Thursday 6th February 2014
Sterling has fallen below the €1.20 mark today for the first time this year. The reason for the fall was Euro strength following their decision not to raise interest rates. In today’s post I am going to look at the central bank decisions in both the UK and EU, and have a look at what this means for GBP/EUR exchange rates for 2014.
European Central Bank holds interest rates, GBP/EUR drops
The European Central Bank (ECB) has kept its benchmark interest rate at 0.25% today. The bank last cut rates to a record low in a surprise decision in November. Following low inflation numbers from the Eurozone in recent weeks, there was much speculation that the ECB would have to cut interest rates.
As this was quite likely, the cut was already priced into the markets. A cut would weaken the Euro due to the lower return on offer for investors, and so because many thought a cut was on the cards, the Euro weakened accordingly and Pound/Euro rates rose to €1.22 last week.
However after the announced no change to rates today, the Euro surged in strength, became more expensive to purchase, and this pushed rates just below the €1.20 mark as you can see from the chart below. Read more about today’s ECB decision here.

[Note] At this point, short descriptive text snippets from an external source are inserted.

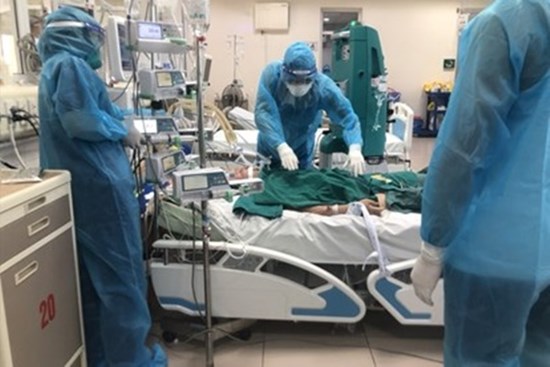 Việt Nam thêm 190 ca Covid-19 tử vong trong 10 ngày tại 10 tỉnh/thành phố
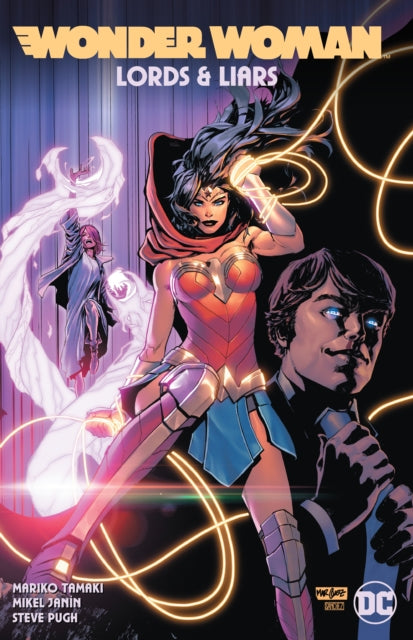 Wonder Woman: Lords & Liars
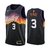 Regata NBA Nike Swingman - Phoenix Suns City Edition 20-21 - Paul #3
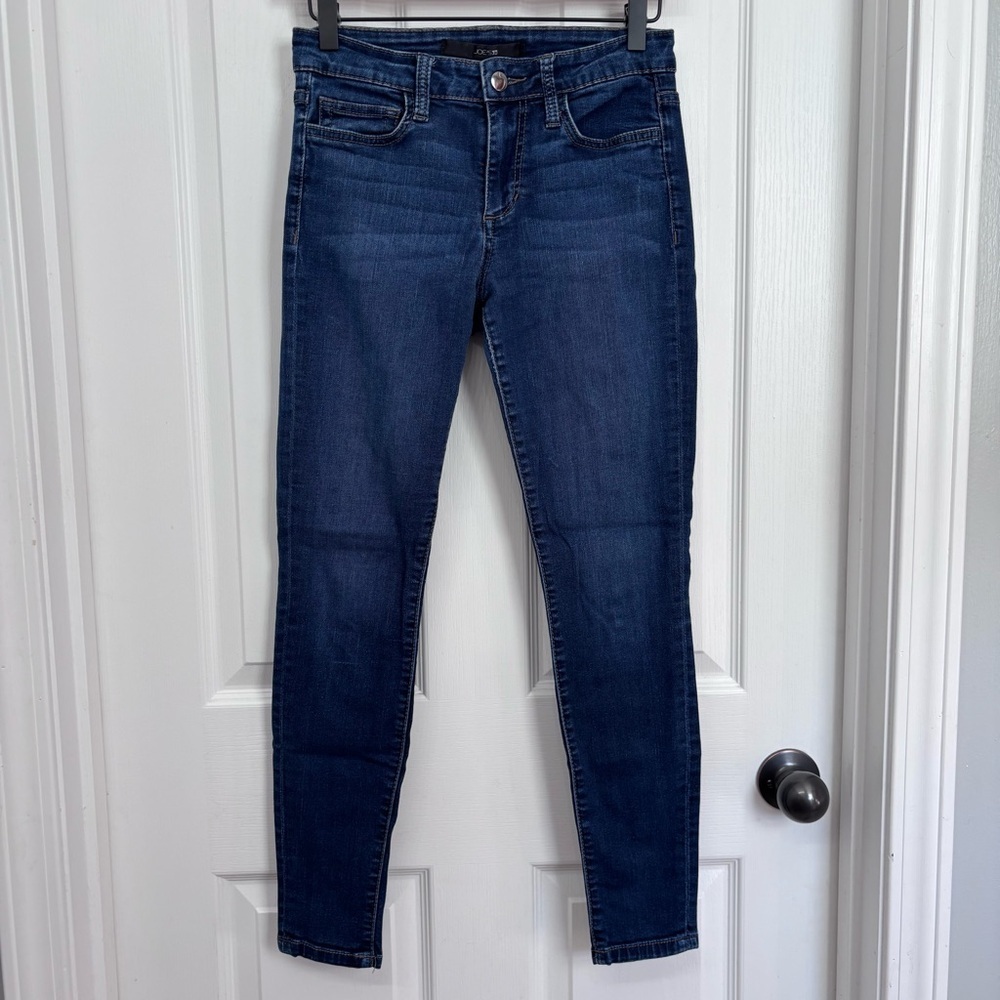 Blue Skinny Ankle Jeans | Joe’s Jeans Size 26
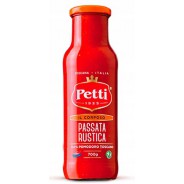 Passata Rustica Il Corposo Petti 700 g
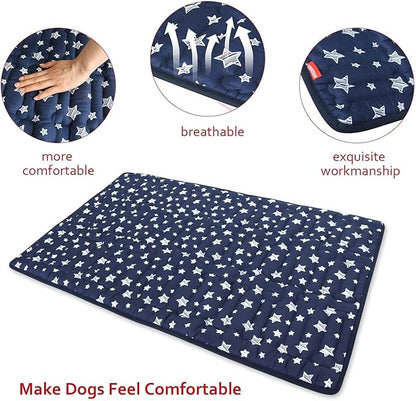 Dog Crate Mat (48" X 30")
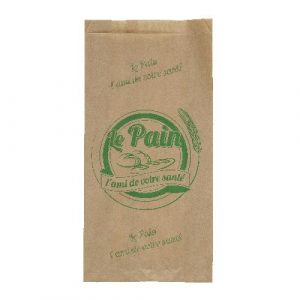 SACS PAINS-KRAFT BRUN-170/35+35x350MM-VERT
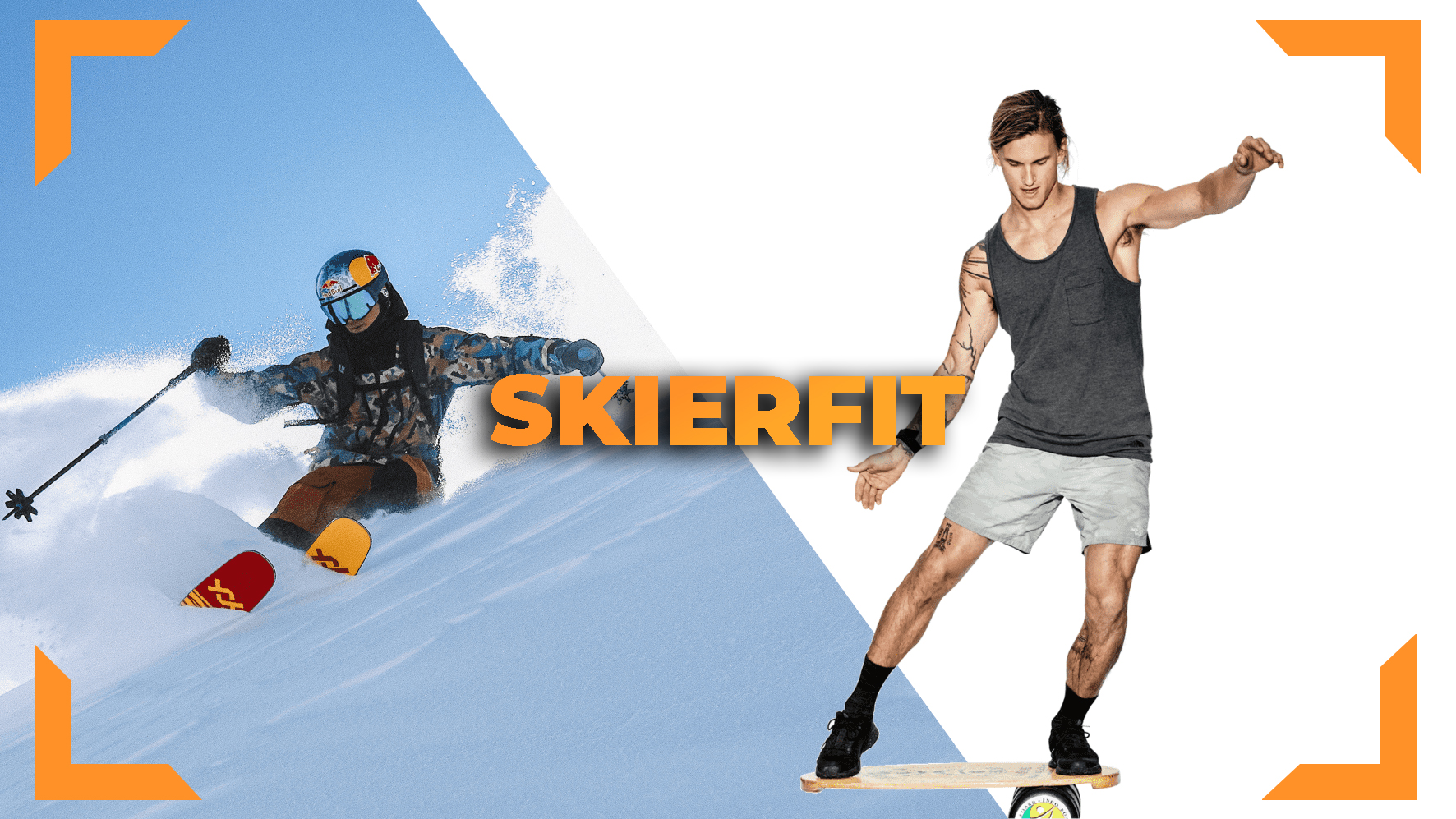 SkierFit by John Collinson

Bank of England leaves rates on hold
UK interest rates have also been kept unchanged at their record low of 0.5% by the Bank of England. This was widely expected and there was no effect on exchange rates.
Analysts now hope that the Bank will use next week’s inflation report to signal changes to its policy of forward guidance. There had been speculation that the Bank would issue a statement alongside the latest interest rate decision. However, in announcing the hold in rates and quantitative easing, the MPC said it, “reached its decisions in the context of the monetary policy guidance announced alongside the publication of the August 2013 Inflation Report”.

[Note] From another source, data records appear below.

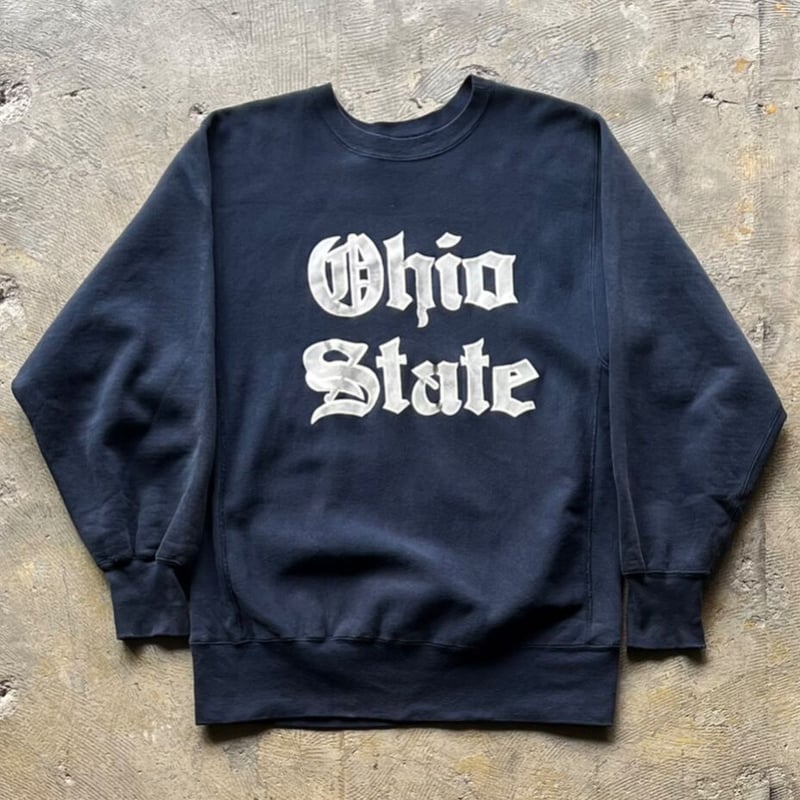 90s Champion reverse weave ''Ohio State'' sweat...
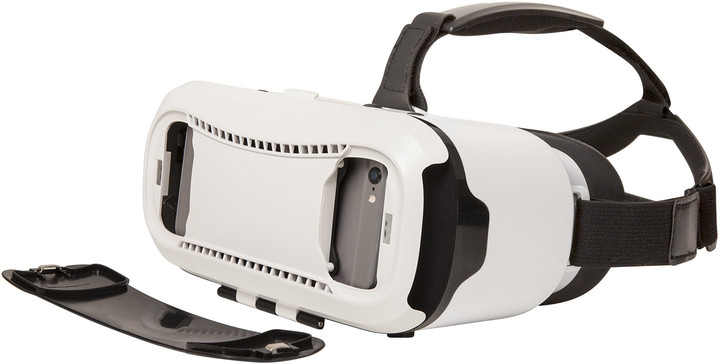 Retrak VR Headset Utopia 360 s BT ovladačem - Elite Edition_1330397763
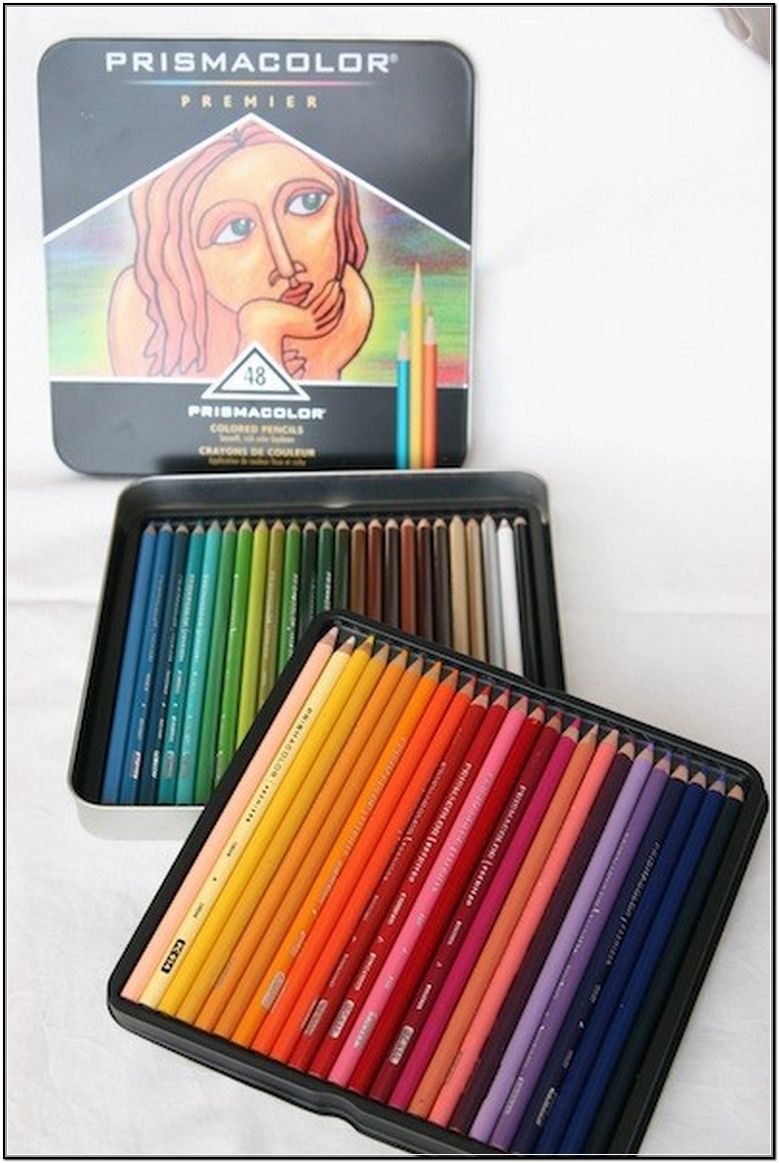 How To Use Prismacolor Pencils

Where next for Pound/Euro exchange rates in 2014?
My view is that there is still a chance of the ECB cutting rates next month, so I think this dip in rates will be temporary.
Also if UK data continues to improve then we could see the Pound recover and get back to €1.21 / €1.22 in the coming weeks. This will be even more likely should further EU data mean analysts think that a rate cut may still happen.
If you need to sell Euros and convert Sterling, then you should give serious consideration to taking advantage of the 2 point move in your favour. Rates won’t drop much below €1.20, and I think that we will see it climb back up in the coming weeks.
If you need to buy Euros, then yes the rate may well increase. However much of the Pound’s strength recently is on speculation our interest rates may go up. Next week we have an inflation Report from the Bank of England, and I expect they may move the goal posts slightly with regards to a trigger for a rate hike.
So while rates may indeed go back up, this is by no means a certainty. So Euro buyers may wish to consider placing a Stop Loss order. This means you can fix a rate should rates drop further below a pre-agreed level, €1.19 for example. In this way you can still take advantage of any gains in the rate, but should we see a shock drop, you’re not leaving yourself exposed and risk losing out on the great buying levels we are currently seeing.